◆ Supplied material
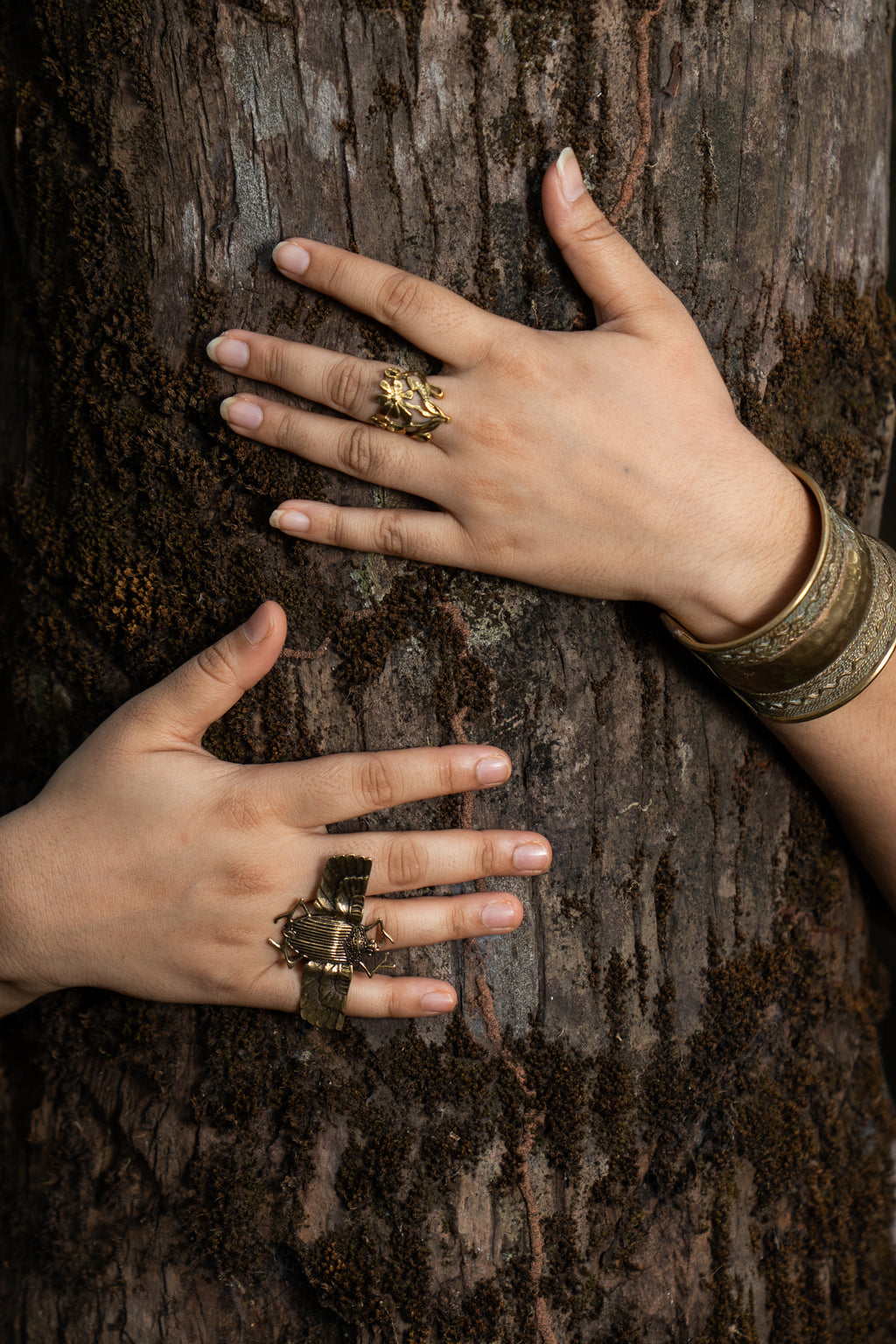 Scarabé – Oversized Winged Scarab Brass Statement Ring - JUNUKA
==
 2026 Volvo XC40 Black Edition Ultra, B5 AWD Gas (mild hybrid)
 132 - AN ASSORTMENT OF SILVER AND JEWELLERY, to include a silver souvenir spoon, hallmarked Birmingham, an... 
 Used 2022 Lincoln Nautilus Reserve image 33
---
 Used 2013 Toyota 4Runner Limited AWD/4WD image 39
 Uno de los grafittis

◆ Your instructions
Go back to the listing above. Copy word for word the lines from the one with "132 - AN ASSORTMENT" through the one with "Used 2022 Lincoln Nautilus Reserve image 33", and nothing more.

◆ Response below
 132 - AN ASSORTMENT OF SILVER AND JEWELLERY, to include a silver souvenir spoon, hallmarked Birmingham, an... 
 Used 2022 Lincoln Nautilus Reserve image 33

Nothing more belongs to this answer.